En complément de nos derniers articles consacrés au projet de loi du Grenelle de l’environnement, nous publions ci-dessous la réaction du GART (Groupement des Autorités Responsables du Transport) qui déplore, dans un communiqué de presse (6 mai 2008), la réduction des engagements de l’Etat.

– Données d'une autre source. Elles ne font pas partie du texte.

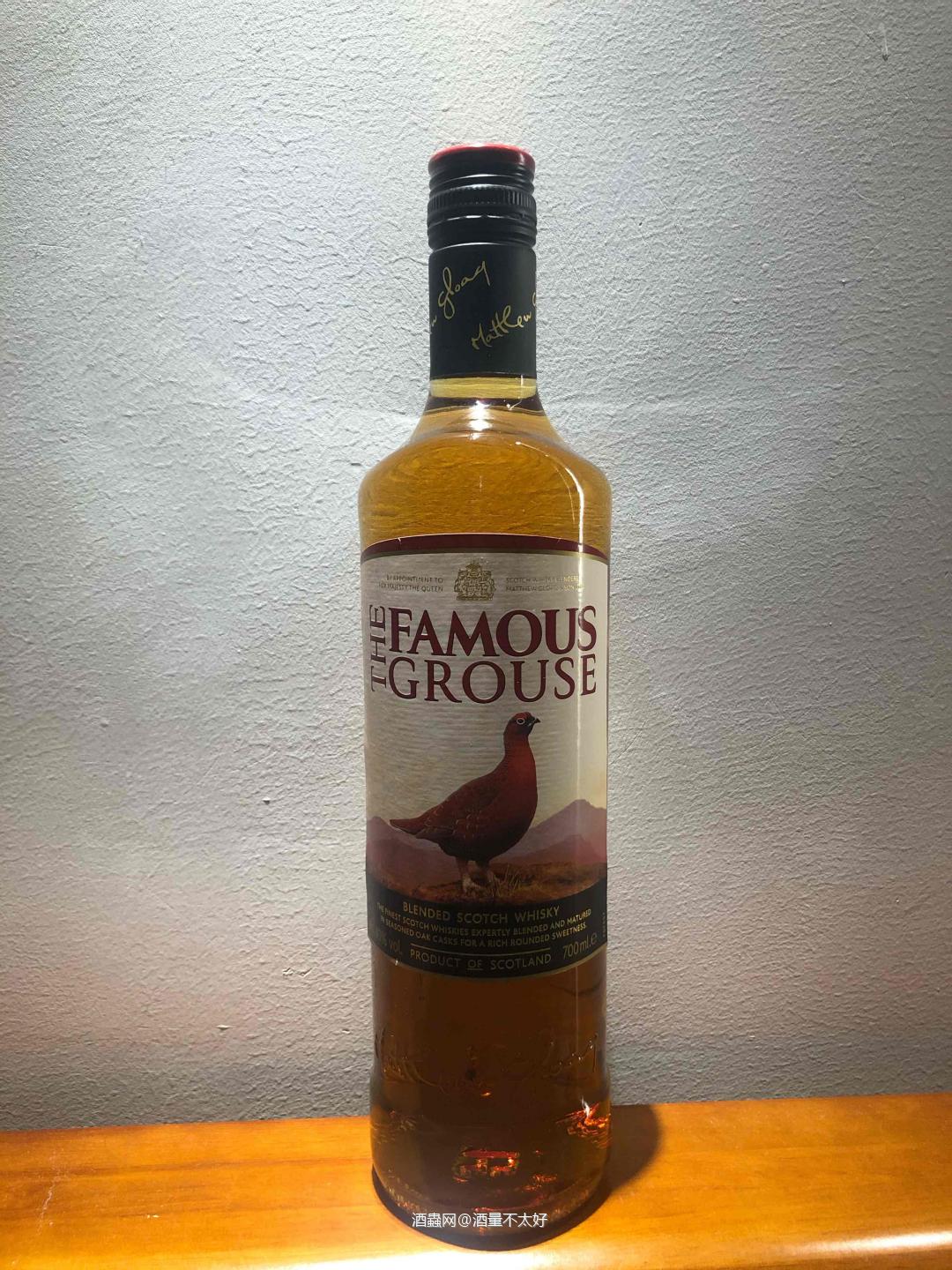 威雀调和是我比较喜欢的一款日常吨吨吨的调和威士忌。百元内的价…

Le 25 octobre dernier, lors de la conclusion du Grenelle de l’environnement, le Président de la République annonçait que l’Etat apporterait aux autorités organisatrices des transports urbains hors Ile-de-France des financements à hauteur de 4 milliards € d’ici 2020 pour développer 1500 kilomètres de transport collectif en site propre (tramways, bus à haut niveau de service, métros).

Même s’il déplorait que ni l’Ile-de-France, ni les transports périurbains de compétence régionale et/ou départementale ne soient pris en compte, le GART s’était félicité du rétablissement des aides de l’Etat, le Président de la République reconnaissant lui-même que cela avait été une erreur de les supprimer fin 2003.

Or, dans le projet de « Loi d’orientation et de programmation » du Grenelle Environnement présenté par le Gouvernement, ces 4 milliards se trouvent réduits à 2,5 milliards €, avec des conditions nouvelles pour leur attribution qui risquent de les rendre assez aléatoires. Et cela sans que, pour autant, l’Ile-de-France et les transports périurbains de compétence régionale et/ou départementale soient pris en compte.

Le GART qui a activement participé aux différentes phases du Grenelle ne peut que déplorer un tel recul que rien ne pouvait laisser prévoir, à l’issue de la dernière réunion du Comité opérationnel Transports urbains et périurbains co-présidé par Dominique Bussereau, Secrétaire d’Etat aux transports et Michel Destot, Président du GART.

Alors que le baril de pétrole dépasse les 120 $, les Français, dont la prise de conscience des enjeux liés au changement climatique va croissante, se tournent de plus en plus vers les transports en commun ce qui oblige les collectivités à développer infrastructures nouvelles et services. L’Etat doit être aux côtés de ces dernières, tant pour diminuer de 20 % les émissions de gaz à effet de serre d’ici 2020, que pour préserver le pouvoir d’achat.